# [Goal of the exercise]
Exact reproduction of the data is required, with images excluded.

# [Dataset excerpt]
○ ○ ○ ○ ○
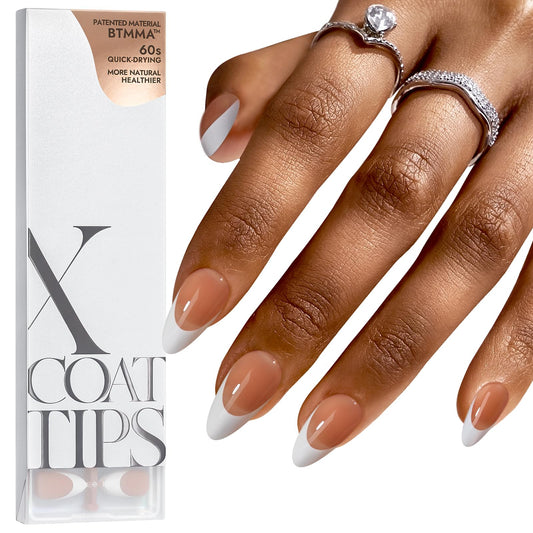 BTArtboxnails French Gel Nail Tips - French Tip Press on Nails Brown Medium Almond XCOATTIPS for Nail Extensions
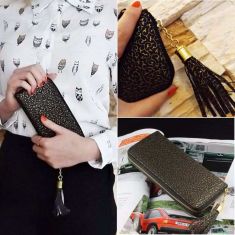 Women Rectangle Money Wallet Printed Long Purse Clutch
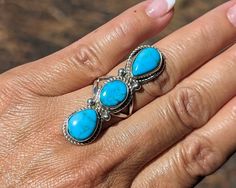 Navajo Culture, Native American Rings, Navajo Turquoise, American Culture, Native American Culture, Sterling Jewelry, Kingman Turquoise, Genuine Turquoise, Native American Jewelry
○ ○ ○ ○ ○
# [Exercise solution]
 BTArtboxnails French Gel Nail Tips - French Tip Press on Nails Brown Medium Almond XCOATTIPS for Nail Extensions
 Women Rectangle Money Wallet Printed Long Purse Clutch
 Navajo Culture, Native American Rings, Navajo Turquoise, American Culture, Native American Culture, Sterling Jewelry, Kingman Turquoise, Genuine Turquoise, Native American Jewelry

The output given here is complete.